GROVE, Okla. — If Jacob Ingle has his way, his name will eventually be listed with the likes of Yiannis Kouros, Anna Frost, Courtney Dauwalter, Rob Krar and Anna Trabon.
All are ultramarathoners.
The former Northeast Oklahoma cross country standout is one step closer to his goal after winning the Colorado Springs Marathon on Saturday, Sept. 28, with a time of 3 hours, 8 minutes and 13 seconds.
Ingle, 21, averaged a 7.11-minute pace. He finished less than 10 minutes shy of his initial goal — to complete the 26.2-mile race in under 3 hours.
This is the second marathon Ingle has completed. His first, in November 2015, earned him a second place in the Route 66 Marathon in Tulsa, Oklahoma.
His next goal: complete an ultramarathon race, between 50K/50 miles to 100 miles, within the next two years. Ingle plans to run the Route 66 Marathon again this fall in Tulsa, and he said he may run his first ultrarace next year.
“I’m curious, because I want to see what I can do,” Ingle said. “Especially running a 100-mile race in the mountains. I’m curious about all of it.”
“Running helps me in every aspect of my life. It’s a great way to clear my head,” Ingle said. “I’ve found it helps improve my focus and helps me enjoy myself a lot more.”
Ingle, who graduated from Grove High School, was an all-state cross country runner his senior year.
He moved to Colorado two years ago after completing a year of schooling at the University of Oklahoma. He said he wanted to take some time off to work and explore the mountains.
“I just enjoy running a lot,” Ingle said. “I realized it had been a long time since I did it, and I wanted to do it again.”
For the last year, Ingle has worked to build his daily and weekly mileage. When he learned about the marathon, he decided to “jump into the race” to see where he stood.
His training has included low intensity distance runs mixed with high intensity shorter distances.
“I mainly do two long runs back to back, most of the time on Monday and Tuesday, and do a decent amount of mileage,” Ingle said. “I enjoy the exploration aspect of it. I leave home and run 10 to 20 miles and explore places. It’s a great way to see the world.
“I don’t know if it’s the regular exercise, the endorphins, or just getting outside in the morning and spending an hour or more outdoors, but I really enjoy (running),” Ingle said.
Role models, mentors
Ingle said he looks up to ultramarathoners such as Dauwalter because she accomplishes a lot of goals with mental strength and humility.
“She ran the MOAB 200 — a 240-mile race and won it outright in 10 hours, over everyone,” Ingle said. “I ran into her on a trail a year ago. It was really cool. It was inspiring.

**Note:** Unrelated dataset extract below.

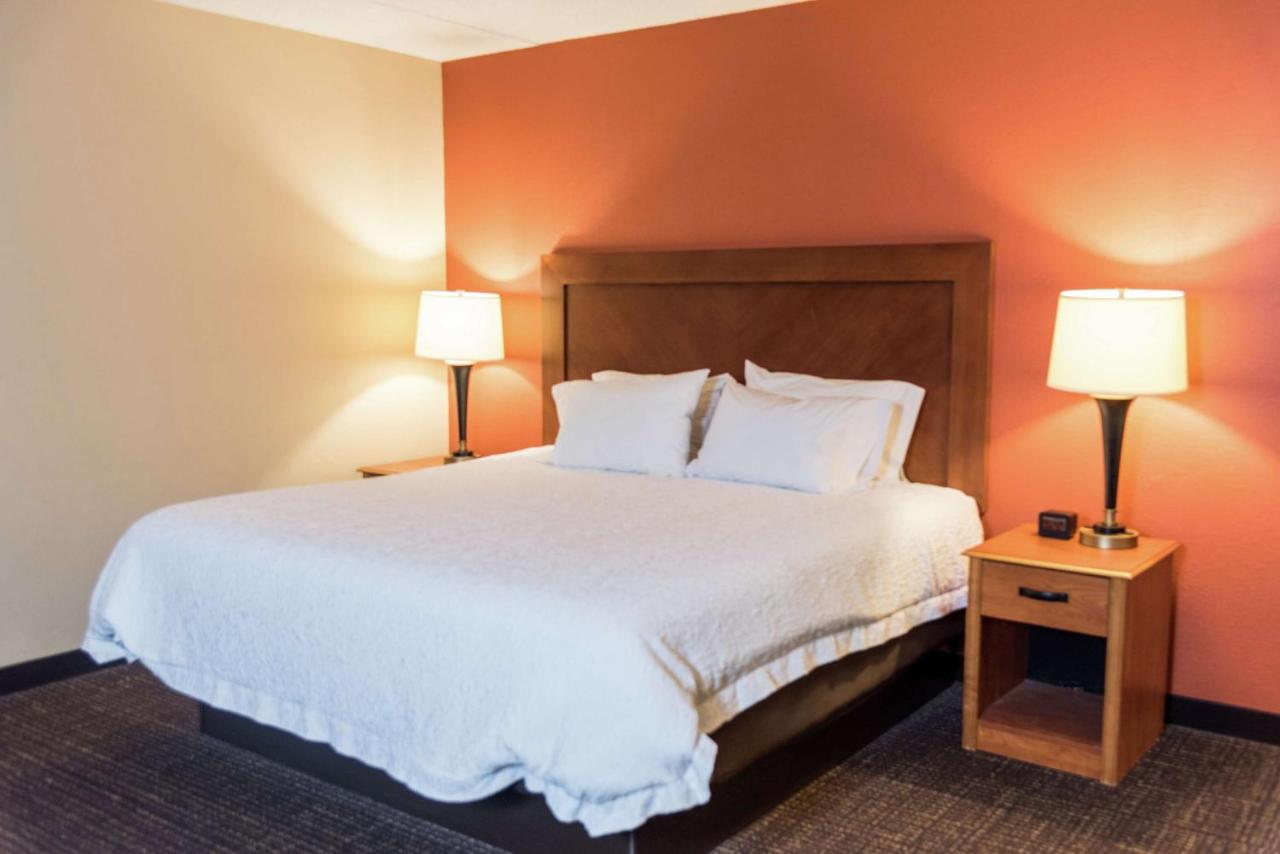 | Hampton Inn Muskegon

“I thought oh, 'She’s just a person, not doing anything I can’t do if I just put in the work.' Meeting people who do incredible things you want to do makes it even more realistic, even fun.”

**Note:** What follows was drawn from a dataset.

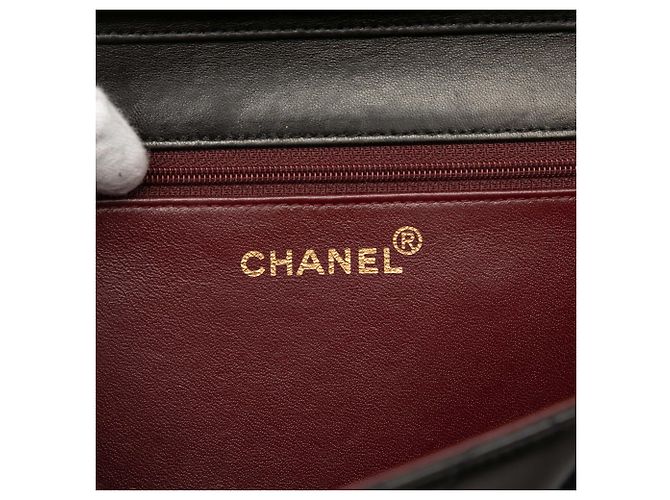 Borsa a tracolla Chanel Medium CC in agnello trapuntato nero - vista 5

During the race, Ingle said he ran the first half a bit faster than he should, which left him struggling during the second half.

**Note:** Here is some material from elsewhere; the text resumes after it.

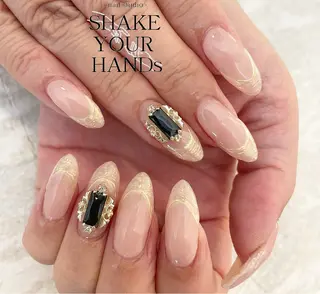 ネイル ネイルスタジオ シェイクユアハンズのネイルデザイン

“I was worn down and wanted to give up and quit,” Ingle said. “I knew I had the lead and I just kept myself going.
“I finish what I set out to do,” he added. “I knew if I quit, the next time something came up that was difficult, it would be a lot easier to back away from it and quit. I knew if I finished it would make me stronger, but if I quit it would take me in the opposite direction.”
He admits it felt surreal to be the first to cross the finish line.
“I knew I was in the lead most of the race,” Ingle said. “I never let myself think I could win, until I came around the last corner. When I came around the last corner, I thought, 'Oh, I’m actually winning,'” Ingle said. “It was really cool.”